Task brief: Only the lines from the one with "CEACAM5 Antibody" through the end of the material below belong in the reply; transcribe them exactly.

Data under study:
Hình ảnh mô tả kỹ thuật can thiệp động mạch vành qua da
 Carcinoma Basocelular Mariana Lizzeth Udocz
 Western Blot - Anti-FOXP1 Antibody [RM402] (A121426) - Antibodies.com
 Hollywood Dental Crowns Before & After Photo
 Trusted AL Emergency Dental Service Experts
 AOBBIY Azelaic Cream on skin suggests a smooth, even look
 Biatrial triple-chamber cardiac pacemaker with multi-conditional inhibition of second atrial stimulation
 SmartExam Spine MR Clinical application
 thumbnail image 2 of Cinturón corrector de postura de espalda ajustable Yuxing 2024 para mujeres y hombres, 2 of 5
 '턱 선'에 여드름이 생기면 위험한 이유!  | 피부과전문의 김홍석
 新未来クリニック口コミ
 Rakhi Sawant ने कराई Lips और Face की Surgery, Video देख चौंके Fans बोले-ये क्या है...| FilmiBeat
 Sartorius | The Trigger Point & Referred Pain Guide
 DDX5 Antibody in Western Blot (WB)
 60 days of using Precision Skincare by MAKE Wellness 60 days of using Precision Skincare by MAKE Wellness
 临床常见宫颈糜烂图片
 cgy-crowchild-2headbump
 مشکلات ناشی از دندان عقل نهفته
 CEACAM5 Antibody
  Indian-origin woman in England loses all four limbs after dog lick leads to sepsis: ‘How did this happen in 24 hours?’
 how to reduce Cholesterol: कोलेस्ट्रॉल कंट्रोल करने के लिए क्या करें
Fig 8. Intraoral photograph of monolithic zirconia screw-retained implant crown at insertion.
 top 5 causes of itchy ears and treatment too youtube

Exercise solution:
 CEACAM5 Antibody
  Indian-origin woman in England loses all four limbs after dog lick leads to sepsis: ‘How did this happen in 24 hours?’
 how to reduce Cholesterol: कोलेस्ट्रॉल कंट्रोल करने के लिए क्या करें
Fig 8. Intraoral photograph of monolithic zirconia screw-retained implant crown at insertion.
 top 5 causes of itchy ears and treatment too youtube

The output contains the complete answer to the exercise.